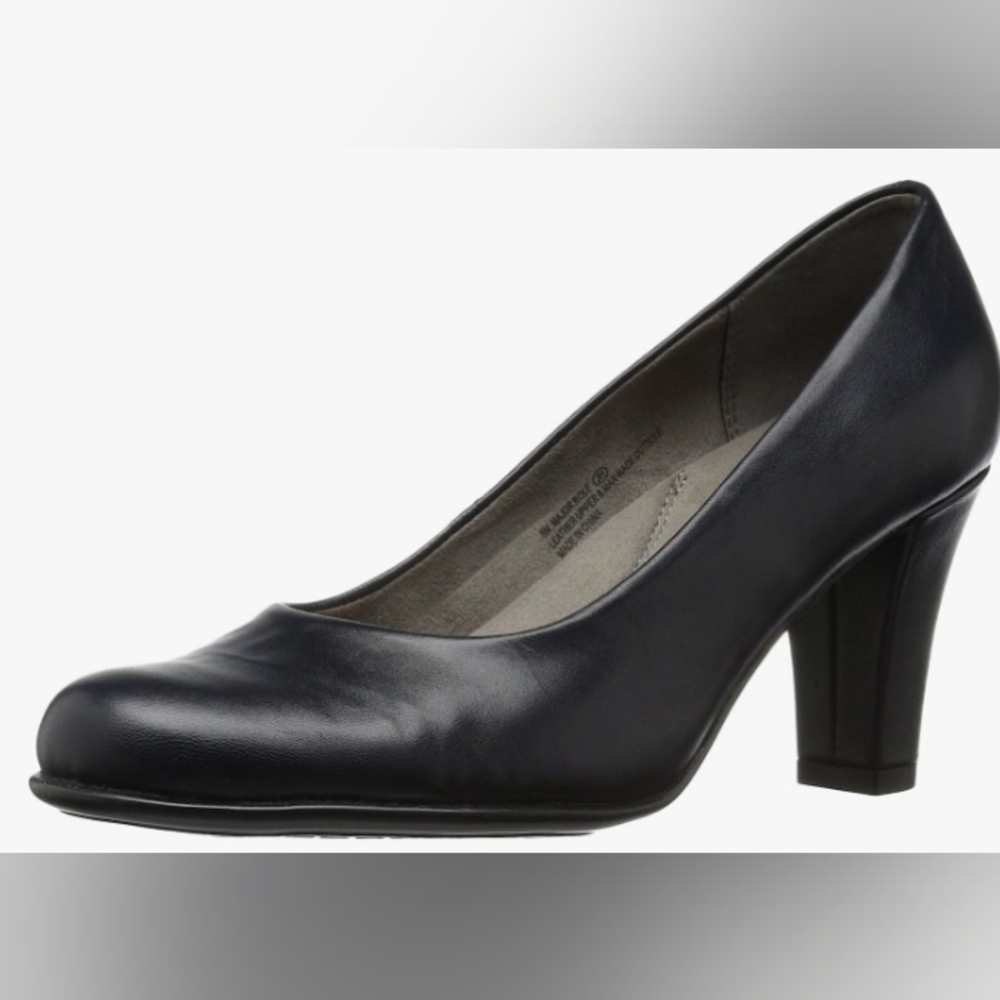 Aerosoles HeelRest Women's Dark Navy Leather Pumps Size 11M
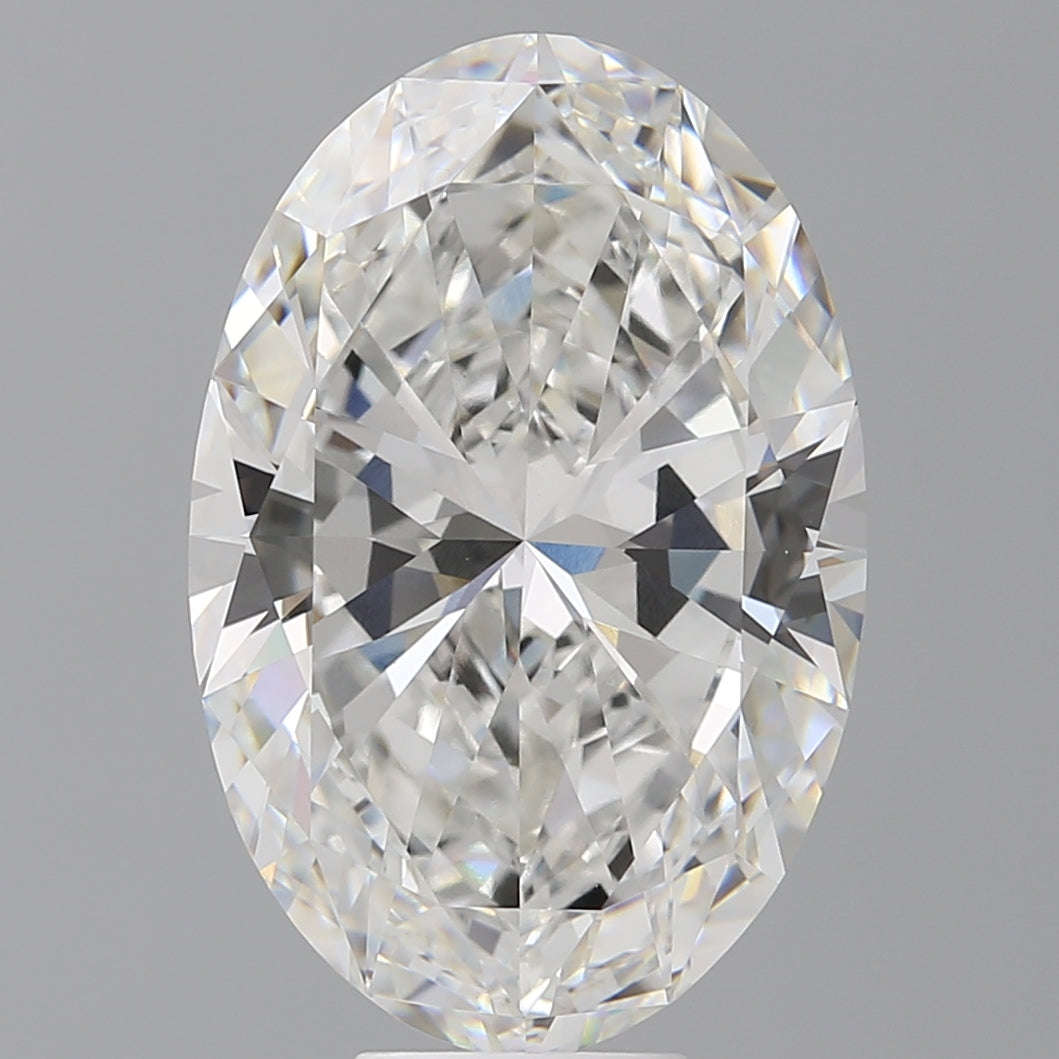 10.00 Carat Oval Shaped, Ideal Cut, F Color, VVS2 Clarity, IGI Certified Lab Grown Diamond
--
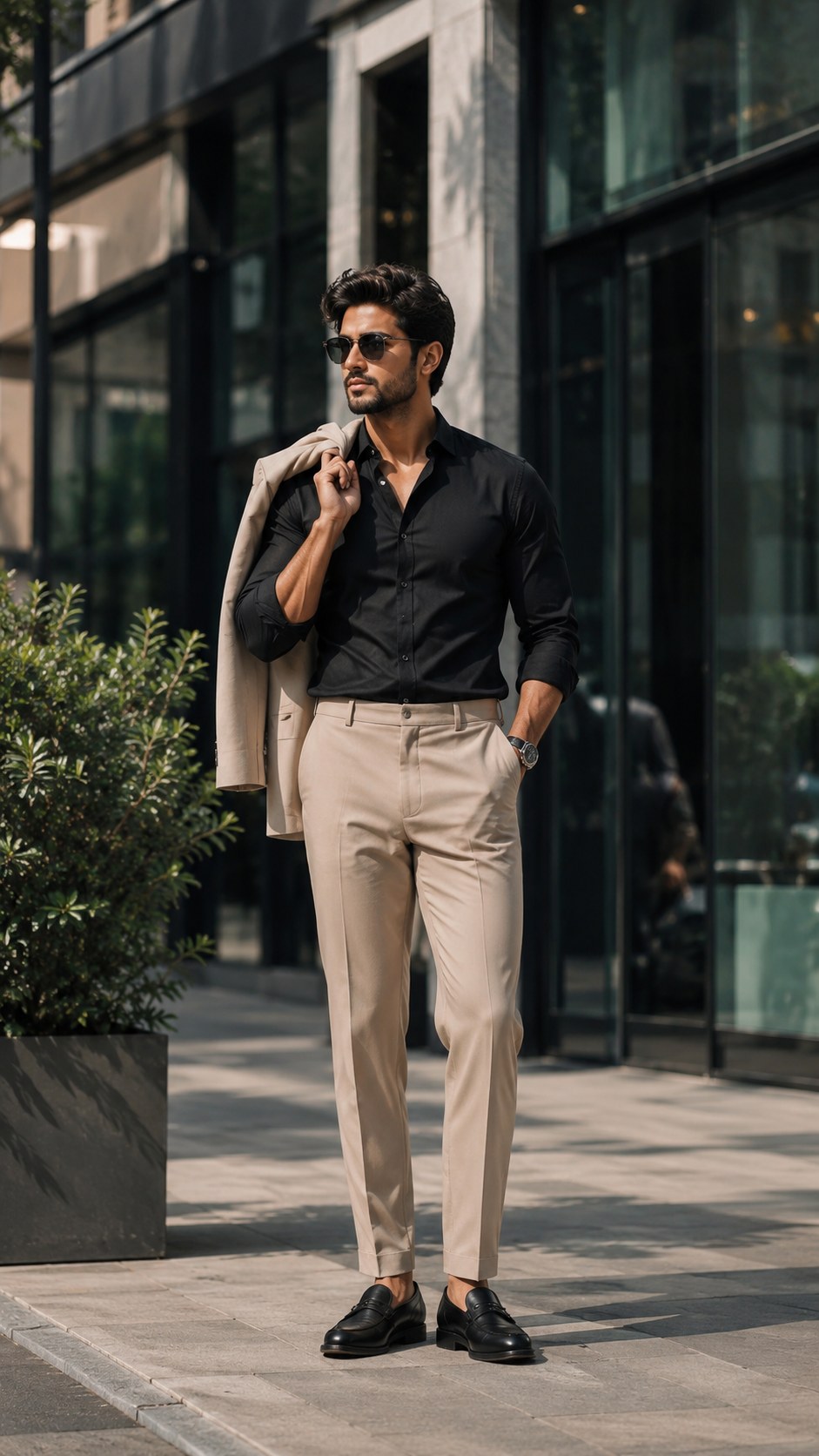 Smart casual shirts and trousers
---
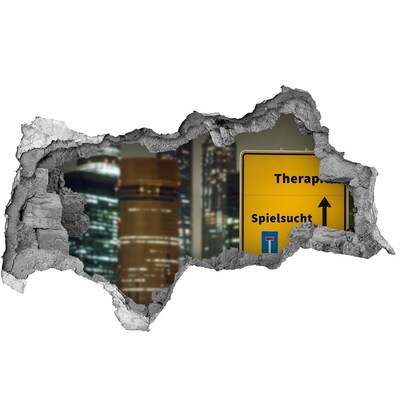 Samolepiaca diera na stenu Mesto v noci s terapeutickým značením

**Exercise prompt**:
Above, find the line with "Aerosoles HeelRest Women's"; copy it and every line down to the line with "10.00 Carat Oval", exactly and both included, but no pictures.

**Your response**:
 Aerosoles HeelRest Women's Dark Navy Leather Pumps Size 11M
 10.00 Carat Oval Shaped, Ideal Cut, F Color, VVS2 Clarity, IGI Certified Lab Grown Diamond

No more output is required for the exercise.